Questo il principio di diritto nuovamente affermato con ordinanza n. 36220 del 12 dicembre 2022 dalla Sezione Tributaria della Corte di Cassazione (Pres. Cirillo, Rel. Cortesi).

Nei fatti una s.p.a. impugnava gli avvisi di accertamento per la ripresa a tassazione di maggiori importi a fini Ires, Irap e Iva per gli anni di imposta 2005 e 2006 deducendo la nullità degli stessi, in quanto notificati prima che fosse trascorso il termine di sessanta giorni dal rilascio di copia dei processi verbali di contestazione che li avevano originati. La CTP disattendeva tale eccezione. La CTR, riformando la decisione di prime cure, accoglieva l’appello della società affermando che l’art. 12, comma 7, della l. n. 212/2000 trova applicazione in tutti i casi di rilascio di copia del processo verbale di chiusura delle operazioni relative ad accessi e verifiche nei locali relativi all’esercizio delle attività, anche qualora gli accessi siano finalizzati unicamente al reperimento di documenti, e non a contestazioni, produttive di effetti fiscali negativi a carico del contribuente. Ricorreva per cassazione l’Ufficio denunciando la denunzia violazione e falsa applicazione dell’art. 12 della l. n. 212/2000 e lamentando come il comma 7 del medesimo articolo debba riferirsi ai soli processi verbali di chiusura delle operazioni che abbiano un contenuto di constatazione, vale a dire che contengano l’indicazione di un fatto, a carico del contribuente, che integri un’inosservanza alla normativa tributaria.

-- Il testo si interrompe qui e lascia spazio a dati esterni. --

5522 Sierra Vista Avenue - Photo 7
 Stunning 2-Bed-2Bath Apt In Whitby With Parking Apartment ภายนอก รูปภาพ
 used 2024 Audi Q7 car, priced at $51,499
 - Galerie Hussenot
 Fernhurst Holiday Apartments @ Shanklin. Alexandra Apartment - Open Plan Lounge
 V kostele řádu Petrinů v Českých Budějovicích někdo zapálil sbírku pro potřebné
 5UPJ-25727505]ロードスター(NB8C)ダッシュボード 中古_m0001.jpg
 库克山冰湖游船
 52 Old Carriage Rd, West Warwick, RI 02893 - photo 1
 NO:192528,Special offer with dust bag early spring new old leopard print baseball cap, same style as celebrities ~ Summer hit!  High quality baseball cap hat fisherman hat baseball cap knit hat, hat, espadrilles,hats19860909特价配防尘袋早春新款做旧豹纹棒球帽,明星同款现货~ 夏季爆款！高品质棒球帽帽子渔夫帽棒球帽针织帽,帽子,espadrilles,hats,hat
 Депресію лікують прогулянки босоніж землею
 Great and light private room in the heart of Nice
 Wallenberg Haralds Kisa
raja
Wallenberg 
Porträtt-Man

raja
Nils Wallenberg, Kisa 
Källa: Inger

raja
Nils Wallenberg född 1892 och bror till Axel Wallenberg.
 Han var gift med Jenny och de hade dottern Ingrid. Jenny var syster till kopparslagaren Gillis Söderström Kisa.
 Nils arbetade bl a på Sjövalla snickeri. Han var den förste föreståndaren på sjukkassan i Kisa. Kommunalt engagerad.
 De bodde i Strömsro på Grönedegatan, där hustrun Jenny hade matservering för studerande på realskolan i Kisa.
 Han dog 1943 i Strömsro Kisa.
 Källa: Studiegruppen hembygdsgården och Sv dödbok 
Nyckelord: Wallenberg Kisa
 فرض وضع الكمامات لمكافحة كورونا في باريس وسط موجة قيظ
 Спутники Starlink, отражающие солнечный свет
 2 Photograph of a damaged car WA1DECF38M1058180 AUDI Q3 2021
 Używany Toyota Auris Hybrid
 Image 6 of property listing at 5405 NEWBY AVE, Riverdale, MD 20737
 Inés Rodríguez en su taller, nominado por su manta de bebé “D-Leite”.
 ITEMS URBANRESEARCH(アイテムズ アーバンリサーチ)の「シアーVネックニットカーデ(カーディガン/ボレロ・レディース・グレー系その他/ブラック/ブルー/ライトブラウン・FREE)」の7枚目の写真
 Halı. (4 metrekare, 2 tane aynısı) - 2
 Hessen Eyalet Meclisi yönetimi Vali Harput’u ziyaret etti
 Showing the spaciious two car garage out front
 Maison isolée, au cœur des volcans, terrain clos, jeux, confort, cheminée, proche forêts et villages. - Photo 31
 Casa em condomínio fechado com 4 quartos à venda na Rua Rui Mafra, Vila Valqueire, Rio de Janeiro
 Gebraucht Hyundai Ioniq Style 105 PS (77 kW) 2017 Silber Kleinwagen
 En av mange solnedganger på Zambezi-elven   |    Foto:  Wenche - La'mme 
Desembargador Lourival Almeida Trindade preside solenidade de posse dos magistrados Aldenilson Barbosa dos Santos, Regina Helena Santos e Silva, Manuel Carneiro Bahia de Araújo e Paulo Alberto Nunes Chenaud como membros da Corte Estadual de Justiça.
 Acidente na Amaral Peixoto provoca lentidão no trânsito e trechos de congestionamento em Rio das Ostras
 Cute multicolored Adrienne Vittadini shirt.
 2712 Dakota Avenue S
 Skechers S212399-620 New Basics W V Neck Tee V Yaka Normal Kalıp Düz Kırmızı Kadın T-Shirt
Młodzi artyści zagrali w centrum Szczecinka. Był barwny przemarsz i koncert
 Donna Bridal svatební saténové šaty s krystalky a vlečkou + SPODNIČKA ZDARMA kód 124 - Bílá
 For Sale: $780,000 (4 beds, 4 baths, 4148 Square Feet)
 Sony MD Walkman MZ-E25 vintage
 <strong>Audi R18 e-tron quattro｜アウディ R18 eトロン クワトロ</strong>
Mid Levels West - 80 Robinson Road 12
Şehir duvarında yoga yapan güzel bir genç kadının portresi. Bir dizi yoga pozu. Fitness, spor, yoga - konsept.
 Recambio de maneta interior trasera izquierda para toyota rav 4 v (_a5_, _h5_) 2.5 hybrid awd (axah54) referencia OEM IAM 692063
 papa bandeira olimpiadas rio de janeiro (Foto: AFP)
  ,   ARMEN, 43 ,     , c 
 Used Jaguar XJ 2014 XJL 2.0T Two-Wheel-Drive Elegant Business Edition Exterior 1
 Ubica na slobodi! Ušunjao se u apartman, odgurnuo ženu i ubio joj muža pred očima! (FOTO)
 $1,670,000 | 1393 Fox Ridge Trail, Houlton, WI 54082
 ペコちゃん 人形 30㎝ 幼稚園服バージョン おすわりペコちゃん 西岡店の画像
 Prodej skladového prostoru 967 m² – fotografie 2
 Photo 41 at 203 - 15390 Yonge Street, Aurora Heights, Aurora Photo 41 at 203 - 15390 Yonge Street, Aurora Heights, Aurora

La Corte, sulla scorta di precedenti arresti giurisprudenziali, ha ricordato come “l’impiego, da parte del comma 7 dell’art. 12, di una locuzione generica come ‘verbale di chiusura delle operazioni’ comprende tutte le possibili tipologie di verbali che concludano le operazioni di accesso, verifica o ispezione nei locali, indipendentemente dal loro contenuto” (Cass. n. 11589/2021; Cass. n. 12094/2019; Cass. n. 15010/2014).

In altri termini, secondo i Giudici di Legittimità, “la scelta del legislatore si è diretta su una locuzione meramente descrittiva, che ascrive rilievo, di per sé, alla circostanza che il verbale concluda la fase istruttoria di accesso, verifica o ispezione nei locali; e una tale scelta è coerente con l’evoluzione del sistema tributario verso moduli partecipativi, nelle quali le situazioni soggettive dell’erario possono esaurirsi nell’esercizio imparziale di un potere ad imperatività mitigata, che si arresta all’acquisizione delle informazioni utilizzabili ed al mero controllo dell’osservanza degli obblighi strumentali dei contribuenti”.

In aggiunta, come ribadito nell’occasione, “riconoscere l’esercizio del diritto al contraddittorio anche a seguito di un verbale meramente istruttorio che chiuda le operazioni di accesso, verifica o ispezione, significa creare le condizioni affinché l’Amministrazione possa valutare il proprio interesse non soltanto alla luce degli elementi raccolti, ma anche in base alle osservazioni su di essi rese dal contribuente” (Cass. n. 12094/2019).

La Corte, rilevata dunque l’infondatezza dell’unico motivo, ha respinto il ricorso dell’Ufficio.